No digo que estemos en 1933 en Alemania o en Checoslovaquia. Lo que intento decir es que la historia nos ayuda a expandir nuestra mente, a ver que la realidad no es algo que debamos dar por sentado. Gente no tan distinta a nosotros ha experimentado situaciones políticas muy distintas. Quizá es más una lección para los estadounidenses que para personas de otros lugares. En vez de trazar una analogía, intento extraer lecciones de gente inteligente que ha vivido el colapso de sistemas democráticos. Intento mostrarlo antes de que ocurran cosas malas. No es un libro de historia, es un panfleto político.
¿Cuáles son los parecidos y las diferencias más importantes?
El gran parecido es que estamos en medio de una globalización desafiada. La historia de fines del XIX y comienzos del XX es la de una globalización llena de esperanzas que luego se vio desafiada por gente que tenía ideas muy distintas. Nosotros también venimos de una globalización que ahora se ve contestada. Dos de las grandes diferencias son que la población es mucho mayor y que la cultura de la información es muy distinta.
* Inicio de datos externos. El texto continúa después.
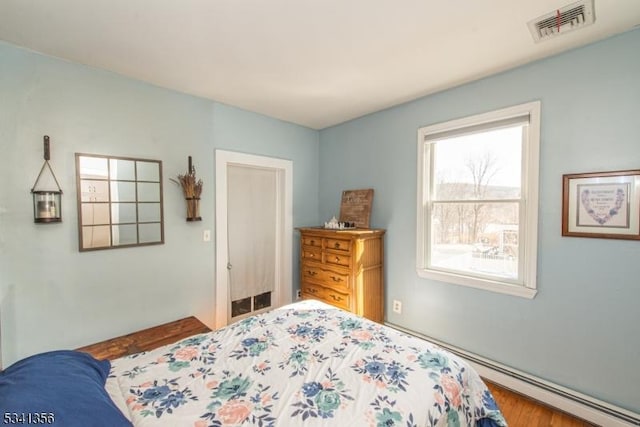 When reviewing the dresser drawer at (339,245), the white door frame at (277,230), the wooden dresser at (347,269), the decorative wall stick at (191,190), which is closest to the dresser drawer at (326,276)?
the wooden dresser at (347,269)

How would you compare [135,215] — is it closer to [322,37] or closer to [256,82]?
[256,82]

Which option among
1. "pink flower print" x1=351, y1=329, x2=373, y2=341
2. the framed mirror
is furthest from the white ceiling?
"pink flower print" x1=351, y1=329, x2=373, y2=341

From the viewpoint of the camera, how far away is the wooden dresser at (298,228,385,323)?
259 centimetres

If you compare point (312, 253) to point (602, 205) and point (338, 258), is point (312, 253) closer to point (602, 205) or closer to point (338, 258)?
point (338, 258)

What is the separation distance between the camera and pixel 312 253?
3.00 metres

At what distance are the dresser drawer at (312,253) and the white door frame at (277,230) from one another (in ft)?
1.15

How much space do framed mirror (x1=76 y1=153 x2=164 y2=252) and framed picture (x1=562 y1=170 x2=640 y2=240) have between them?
312 centimetres

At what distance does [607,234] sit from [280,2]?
7.86 feet

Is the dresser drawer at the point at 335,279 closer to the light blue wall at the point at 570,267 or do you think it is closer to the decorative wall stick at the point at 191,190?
the light blue wall at the point at 570,267

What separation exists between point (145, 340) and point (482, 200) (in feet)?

Algunas diferencias no van a nuestro favor sino que crean nuevos riesgos.
En el epílogo habla de dos ideas: la política de la inevitabilidad y la política de la eternidad.
El objetivo del libro es rescatar la historia: traerla hacia nosotros para que podamos usarla. Para eso tengo que decir qué es la historia y qué no lo es. Intento mostrar que no todas nuestras formas de hablar del pasado son históricas. Una manera de hablar del pasado es la política de la inevitabilidad: solo hay un camino en la historia, no se puede alterar el futuro, y todo lo que ha ocurrido en el pasado y va a ocurrir en el futuro se puede interpretar siguiendo un relato más amplio. El comunismo sería el ejemplo clásico. Pero desde 1989 mucha gente decía algo así del capitalismo: sostenían que no hay alternativa, que la naturaleza humana lleva al capitalismo que a su vez conduce a la democracia; la historia ha terminado y todo irá bien. Esa es la política de la inevitabilidad. El problema es que no es cierto. La historia está llena de alternativas y posibilidades. El segundo problema es que cuando vemos que esto no es cierto, cuando algo nos conmociona, saltamos a la política de la eternidad: pensamos en el pasado como algo que sucede una y otra vez, en ciclos. Nuestra nación siempre es inocente, los otros son siempre culpables, los problemas siempre llegan de fuera. Todo se repite. Es la forma de hablar del pasado que tienen los fascistas. Evita que la gente exija, que pida reformas o un futuro mejor, porque el presente parece un momento amenazador. En Estados Unidos temo que pasemos de una de esas cosas a la otra, e intento utilizar la historia a fin de abrir un espacio para el pensamiento político, a fin de pensar de manera adecuada sobre lo que hacemos.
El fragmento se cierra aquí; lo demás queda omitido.